*Work task*:
From the first line through the one containing "BMW Seria 3 330i xDrive M Sport sport - 9", restate the listing word for word, and give no other lines.

*Extracted information*:
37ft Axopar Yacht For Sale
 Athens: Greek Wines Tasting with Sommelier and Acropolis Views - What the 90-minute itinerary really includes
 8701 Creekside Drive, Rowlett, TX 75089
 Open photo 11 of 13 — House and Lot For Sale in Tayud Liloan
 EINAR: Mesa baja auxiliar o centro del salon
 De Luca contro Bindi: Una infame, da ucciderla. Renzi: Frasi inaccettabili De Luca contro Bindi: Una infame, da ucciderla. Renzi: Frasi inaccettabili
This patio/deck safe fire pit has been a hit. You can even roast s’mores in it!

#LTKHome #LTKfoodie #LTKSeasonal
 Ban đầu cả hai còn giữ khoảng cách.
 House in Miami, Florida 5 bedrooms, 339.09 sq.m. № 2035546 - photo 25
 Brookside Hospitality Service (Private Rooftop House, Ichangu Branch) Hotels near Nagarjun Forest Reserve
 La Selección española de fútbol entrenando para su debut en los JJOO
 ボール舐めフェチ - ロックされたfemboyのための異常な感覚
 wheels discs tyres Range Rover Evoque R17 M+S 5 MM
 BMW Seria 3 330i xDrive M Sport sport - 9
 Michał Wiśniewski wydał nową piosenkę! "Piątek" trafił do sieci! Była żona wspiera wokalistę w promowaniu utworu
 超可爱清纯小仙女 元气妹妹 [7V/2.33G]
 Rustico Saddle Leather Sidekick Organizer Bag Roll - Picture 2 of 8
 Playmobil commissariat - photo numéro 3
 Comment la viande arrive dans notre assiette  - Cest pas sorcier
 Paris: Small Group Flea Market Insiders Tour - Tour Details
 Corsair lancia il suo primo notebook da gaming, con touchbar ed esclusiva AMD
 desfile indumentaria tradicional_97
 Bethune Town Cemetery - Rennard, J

*Reply*:
37ft Axopar Yacht For Sale
 Athens: Greek Wines Tasting with Sommelier and Acropolis Views - What the 90-minute itinerary really includes
 8701 Creekside Drive, Rowlett, TX 75089
 Open photo 11 of 13 — House and Lot For Sale in Tayud Liloan
 EINAR: Mesa baja auxiliar o centro del salon
 De Luca contro Bindi: Una infame, da ucciderla. Renzi: Frasi inaccettabili De Luca contro Bindi: Una infame, da ucciderla. Renzi: Frasi inaccettabili
This patio/deck safe fire pit has been a hit. You can even roast s’mores in it!

#LTKHome #LTKfoodie #LTKSeasonal
 Ban đầu cả hai còn giữ khoảng cách.
 House in Miami, Florida 5 bedrooms, 339.09 sq.m. № 2035546 - photo 25
 Brookside Hospitality Service (Private Rooftop House, Ichangu Branch) Hotels near Nagarjun Forest Reserve
 La Selección española de fútbol entrenando para su debut en los JJOO
 ボール舐めフェチ - ロックされたfemboyのための異常な感覚
 wheels discs tyres Range Rover Evoque R17 M+S 5 MM
 BMW Seria 3 330i xDrive M Sport sport - 9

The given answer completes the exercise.